Not on mine yet, they must role it out bit by bit.

Let us know your thoughts, is it better /worse?


----------



## griffin1907 (Mar 4, 2006)

Updated my 4 to Kitkat over the air. Still using my iPhone 4S at the moment. I like the idea of google auto googling the number that calls you.

May just have to swap my SIM over to try Kitkat for a few days


----------



## Kiashuma (May 4, 2011)

Lucky folk, still not got my update yet.

This is where apple have it nailed one update for everyone at the same time.


----------



## STEALTH K3 (Dec 29, 2006)

My Nexus 4 had the 4.4 Kit Kat upgrade lastnight


----------



## Kiashuma (May 4, 2011)

Mine got it today but it won't download it for some reason


----------



## Kiashuma (May 4, 2011)

Got my update working, on the face if it does not seem to change much at all. time will tell not had time to look at it properly yet.


----------



## robertdon777 (Nov 3, 2005)

Kiashuma said:


> Got my update working, on the face if it does not seem to change much at all. time will tell not had time to look at it properly yet.

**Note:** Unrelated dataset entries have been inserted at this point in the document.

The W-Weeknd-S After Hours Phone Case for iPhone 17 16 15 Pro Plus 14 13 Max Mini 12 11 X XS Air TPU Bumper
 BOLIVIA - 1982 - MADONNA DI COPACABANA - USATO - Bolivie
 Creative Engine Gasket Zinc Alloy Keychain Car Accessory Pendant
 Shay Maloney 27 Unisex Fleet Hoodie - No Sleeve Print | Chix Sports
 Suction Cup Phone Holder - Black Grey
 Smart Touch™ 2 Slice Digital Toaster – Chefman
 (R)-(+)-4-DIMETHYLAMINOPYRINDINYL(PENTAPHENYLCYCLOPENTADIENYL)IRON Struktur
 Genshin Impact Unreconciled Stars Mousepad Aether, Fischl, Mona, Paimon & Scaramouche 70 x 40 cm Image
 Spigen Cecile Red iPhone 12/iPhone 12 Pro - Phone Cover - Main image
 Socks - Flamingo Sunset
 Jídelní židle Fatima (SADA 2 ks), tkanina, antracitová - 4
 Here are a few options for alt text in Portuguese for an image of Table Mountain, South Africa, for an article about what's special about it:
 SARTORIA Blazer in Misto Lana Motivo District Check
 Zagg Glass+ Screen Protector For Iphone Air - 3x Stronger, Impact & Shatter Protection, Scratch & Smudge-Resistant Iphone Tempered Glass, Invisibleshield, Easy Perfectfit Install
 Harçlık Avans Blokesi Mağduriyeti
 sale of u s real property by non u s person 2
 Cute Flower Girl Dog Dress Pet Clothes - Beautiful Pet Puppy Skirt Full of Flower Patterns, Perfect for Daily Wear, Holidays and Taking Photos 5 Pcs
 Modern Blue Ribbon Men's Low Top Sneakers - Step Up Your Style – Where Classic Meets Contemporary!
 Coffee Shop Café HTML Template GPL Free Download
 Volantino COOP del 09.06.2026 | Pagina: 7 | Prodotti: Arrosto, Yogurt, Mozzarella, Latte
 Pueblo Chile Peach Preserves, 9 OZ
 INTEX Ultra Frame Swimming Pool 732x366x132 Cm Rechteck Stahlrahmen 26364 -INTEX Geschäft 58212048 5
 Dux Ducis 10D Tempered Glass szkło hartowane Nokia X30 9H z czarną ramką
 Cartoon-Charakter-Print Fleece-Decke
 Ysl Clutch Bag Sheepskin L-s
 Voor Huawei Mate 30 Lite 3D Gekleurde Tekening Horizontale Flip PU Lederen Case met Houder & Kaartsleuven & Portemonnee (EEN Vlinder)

Best bit is the dialing a number via keypad, much better than it used to.

Oh and you will have fun with the amount of:wave::thumb::buffer::argie::car::wall: available.


----------



## Kiashuma (May 4, 2011)

Ha ha yes i did see the number of icons for texts if thats what you call them.

Some are bizare, like a knife! Why would you want to send that??


----------